Victoria’s naming authority has officially changed the name of a Central Victorian creek with racist connotations.
Dja Dja Wurrung leaders have been advocating for more than a decade to change the name of Jim Crow Creek, which runs between Hepburn and Newstead.
As of Thursday the waterway will be known by its traditional Aboriginal name, Larni Barramal Yaluk, which means “home of the emu creek”.
Geographic Names Victoria made the change official in the Victoria Government Gazette on Thursday.
Hepburn Shire Mayor Brian Hood said the decision was welcome.
“The term ‘Jim Crow’ has its origins in racial segregation and anti-black racism and is therefore unacceptable,” he said.
“Larni Barramal Yaluk … reconnects the landscape with Dja Dja Wurrung culture and language.”
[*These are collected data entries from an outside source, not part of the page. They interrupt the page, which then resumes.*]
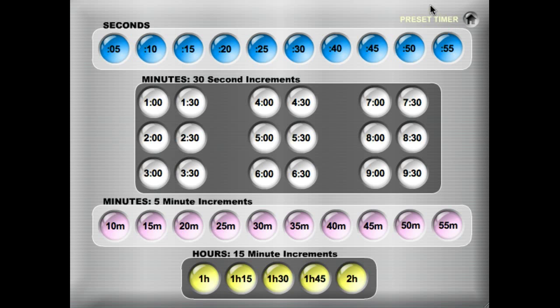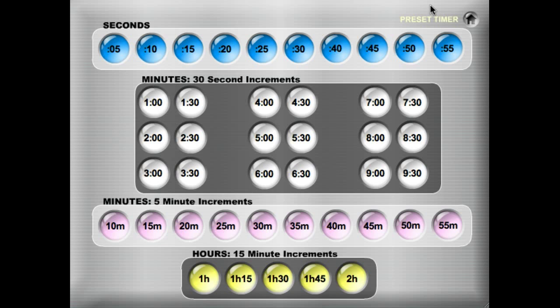Hello and welcome to Kagan's Timer Tools demo. This is the preset timer, which is new to version 2.0. What we try to do with the preset timer is provide teachers who are using interactive whiteboards or touchscreen displays quick, easy access to all the countdown timers that you would use.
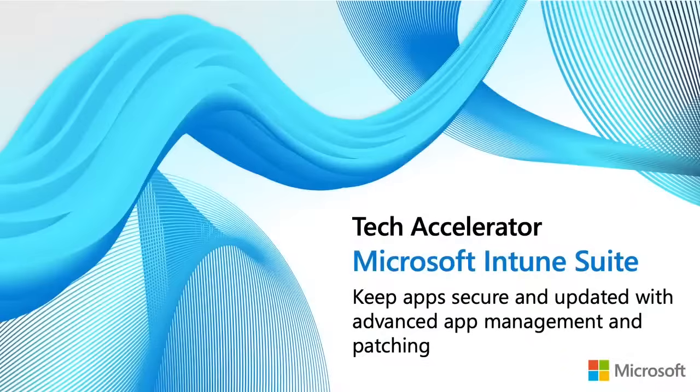Hi, my name is Danny Guillory. I'm a Senior Product Manager on the Microsoft Intune team. Today, we're going to talk about how to keep your applications updated and secure using Microsoft Intune Suite.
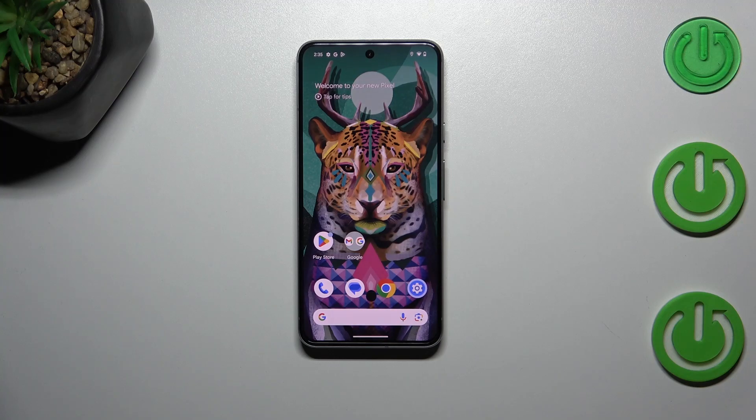Hi everyone. In front of me I've got the Google Pixel 8, and let me share with you how to enable the developer options on this device.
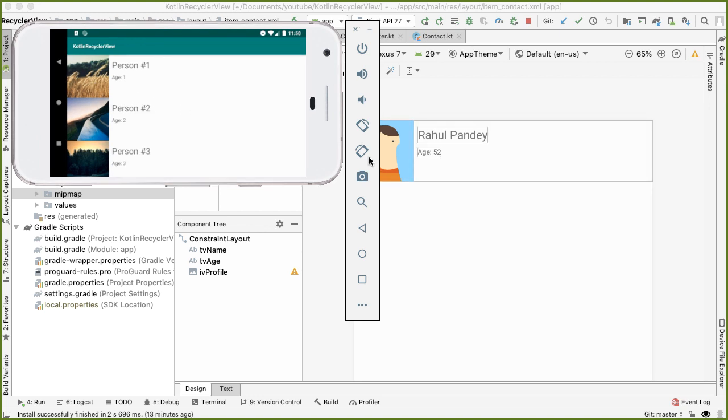Phone rotation is an example of a configuration change, and the Android system will destroy and then recreate your activity when these changes happen. That'll be the opportunity for us to load in an alternative layout file, depending on if the phone is in portrait or landscape to change the size of the image view.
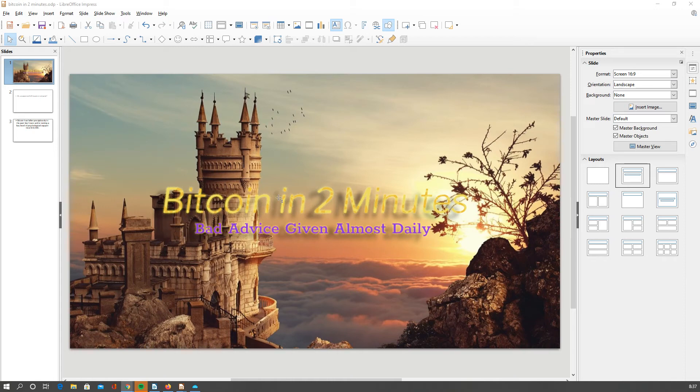Welcome to Bitcoin in 2 Minutes, bad advice given almost daily. Today's video is going to be a little more serious.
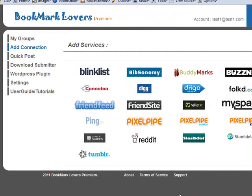Hi guys, Abz here, welcome back. In this tutorial I'm going to be taking you through the submitter.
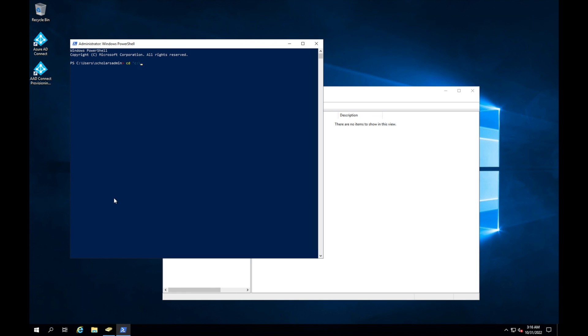To C program files, and then I'm going to look for Microsoft Azure Active Directory Connect. So once I get here, what we want to do is we're going to need to import the SSO PowerShell module.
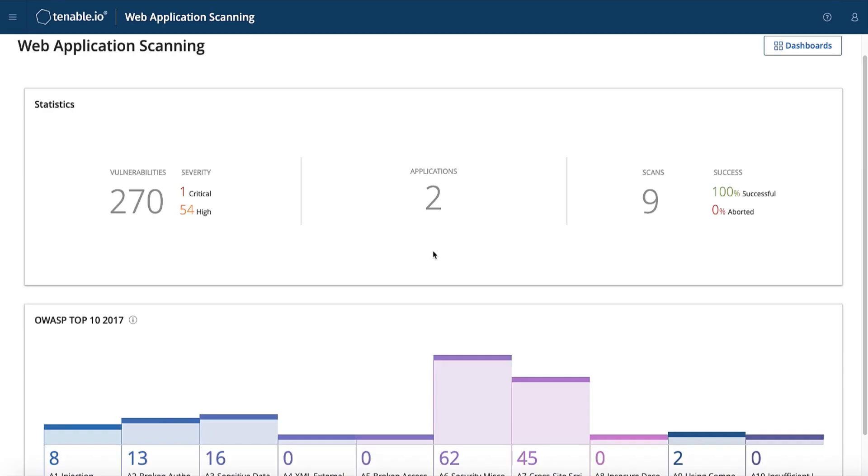In this module, we will review how to download, link, and use a Tenable.io web application scanner internally.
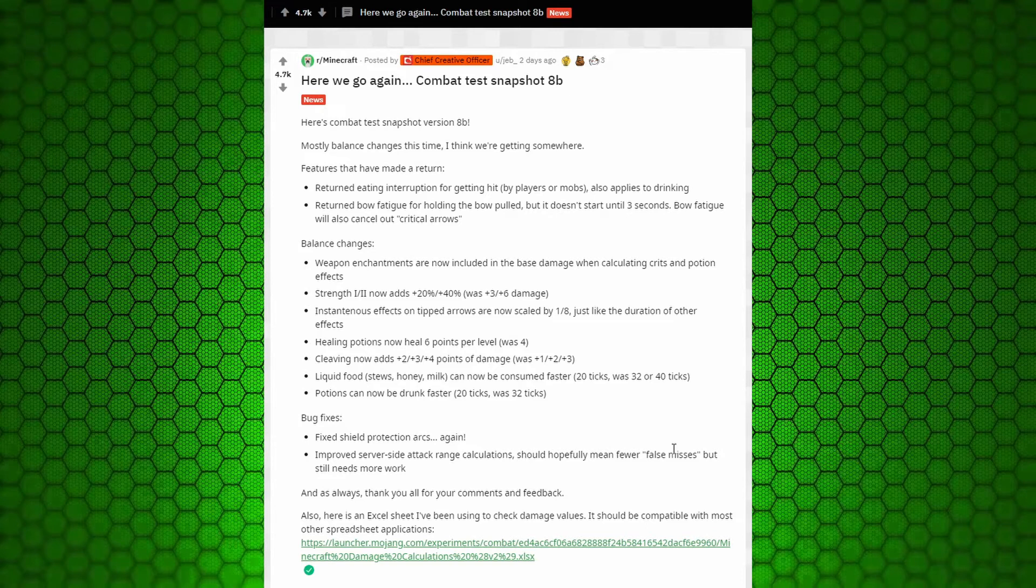Potions can now be drunk faster. 20 ticks was 32 ticks. Potions are now stackable. I missed that in the last one. Yeah. It'd be great if stews are stackable, but that's not yet.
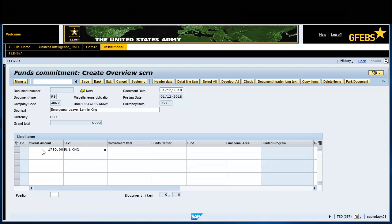Note: if using a cost object such as a WBS element, the line of accounting information will not be entered at this time. GFIBS will reference the WBS element for all pertinent line of accounting information.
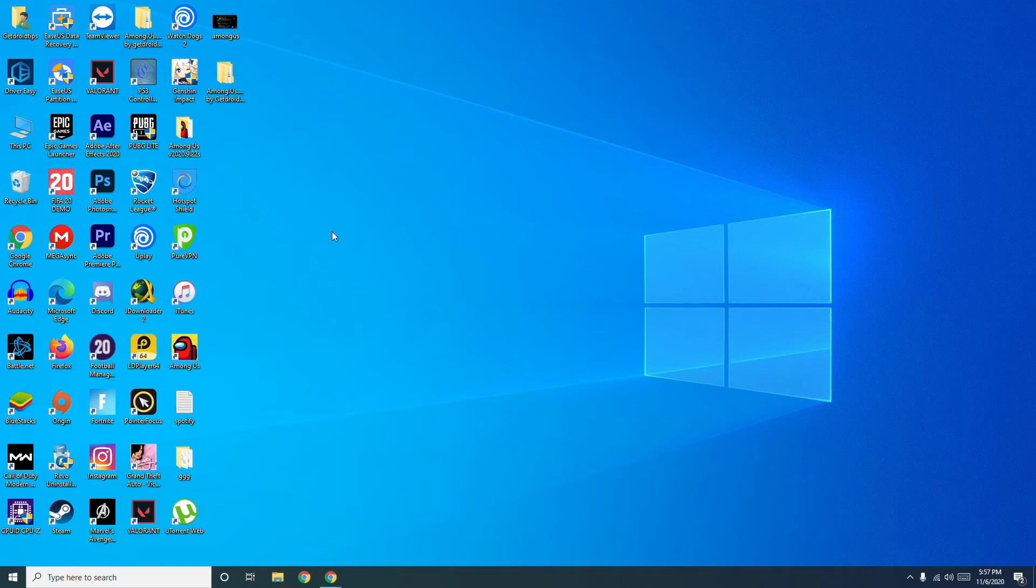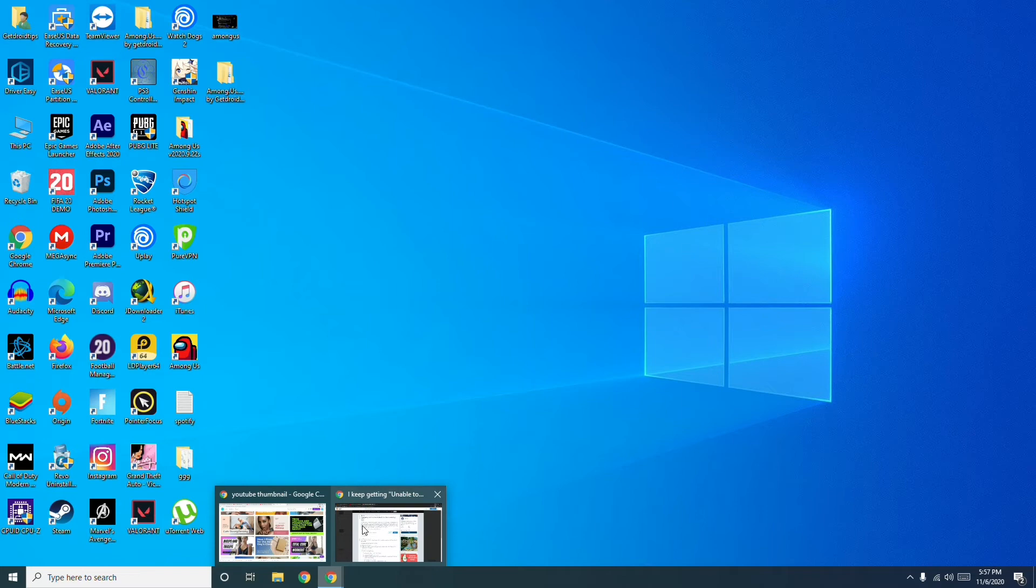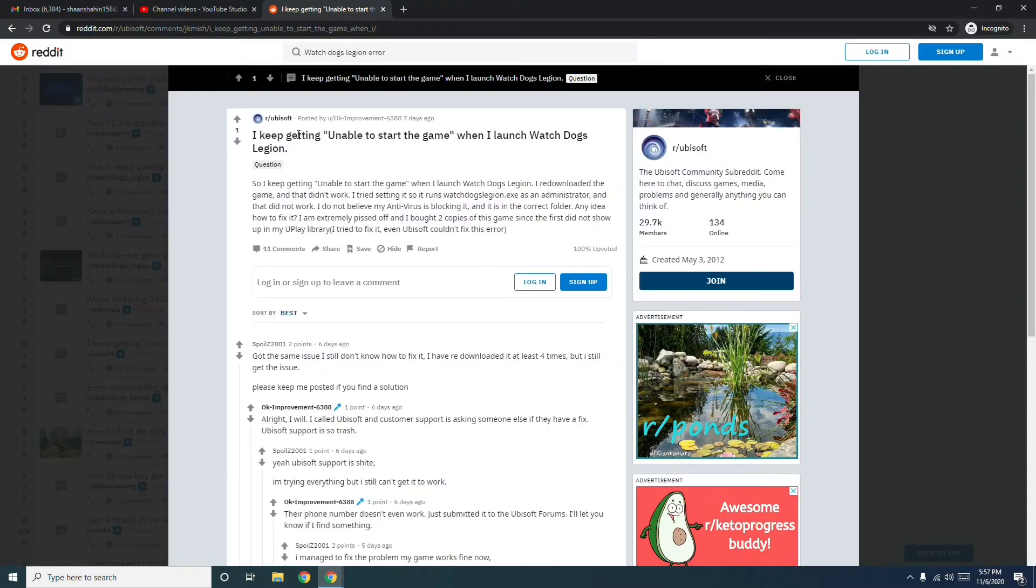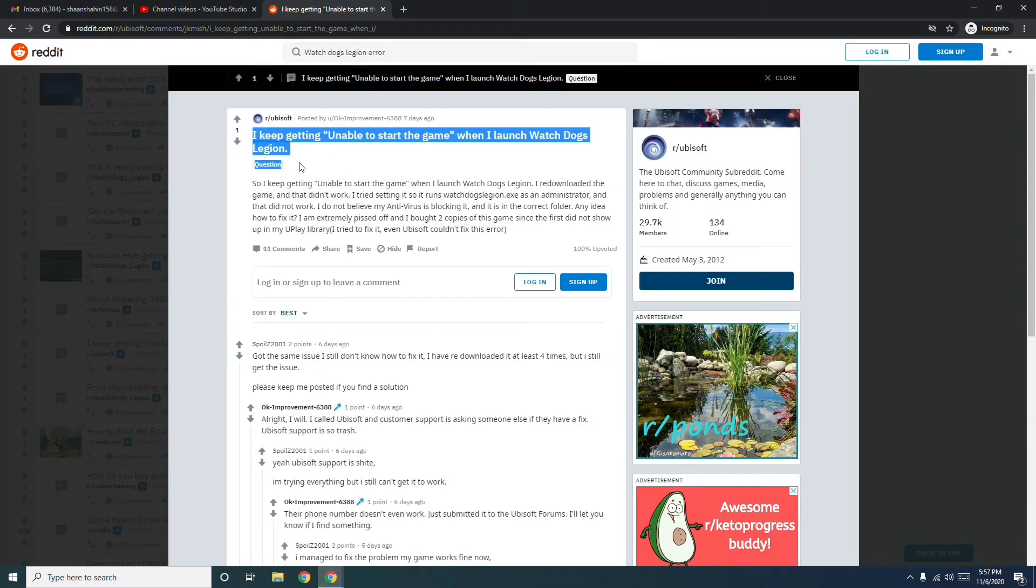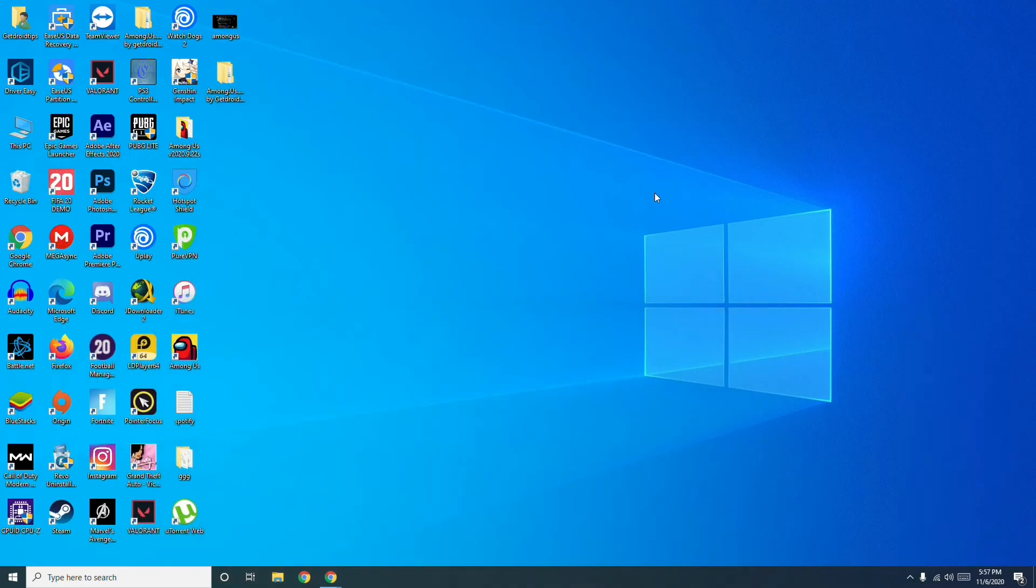I found this solution on Reddit because many people mentioned possible workarounds which helped them, and one guy mentioned this one. So this is what it's all about when it comes to how to fix Watchdogs unable to start the game.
White settler Captain John Hepburn named the creek in the 1830s, when “Jim Crow” was a derogatory term used for black slaves and racial segregation.
Hepburn Shire Council and Mount Alexander Shire Council both resolved to request Geographic Names Victoria rename the creek at council meetings in April 2022.
That decision came after consultation with community and stakeholders including local Aboriginal elders in 2021.
The Dja Dja Wurrung Group says the calling the creek Larni Barramul Yaluk is a way of “speaking to country in the most beautiful way”
The creek was named in the 1830s by Captain John Hepburn
Thirty objections to the change were lodged and 146 submissions were made in favour
Opponents to the name change were vastly outnumbered by those in favour. Supplied: Hepburn Shire Council
‘Speaking to country’
Hepburn Shire’s public consultation ended with 146 submissions in support of the name change and 30 objections.
Opponents said Jim Crow was not a racist name (although this claim was discredited by council), that the new name was too hard to pronounce and that changing the name was “divisive”.
Appeals against the name change were lodged with Geographic Names Victoria and were assessed during the renaming process.
Mount Alexander Shire Mayor Rosie Annear said the new name was inclusive and reinstated Dja Dja Wurrung language into the landscape.
Dja Dja Wurrung Group chief executive Rodney Carter said the creek had finally been liberated.
“The creek has an identity and a spirit,” he said.
“We are at last affording it the respect it deserves by giving back its name — to now say its name is speaking to country in the most beautiful way.”
Mr Carter said it was a culturally significant day for the region.
“I think there is the pride in the achievement, but it also makes people feel more well about themselves, our history, what our ancestors did at country and giving language back to country,” he said.
“It’s an amazing feeling.”
Cr Hood said council staff would soon begin work to install new signs at the creek.
“This is a complementary step to what council does with its body of work on ongoing reconciliation and recognition,” he said.
Cr Hood said the history of the creek’s name would remain in official records.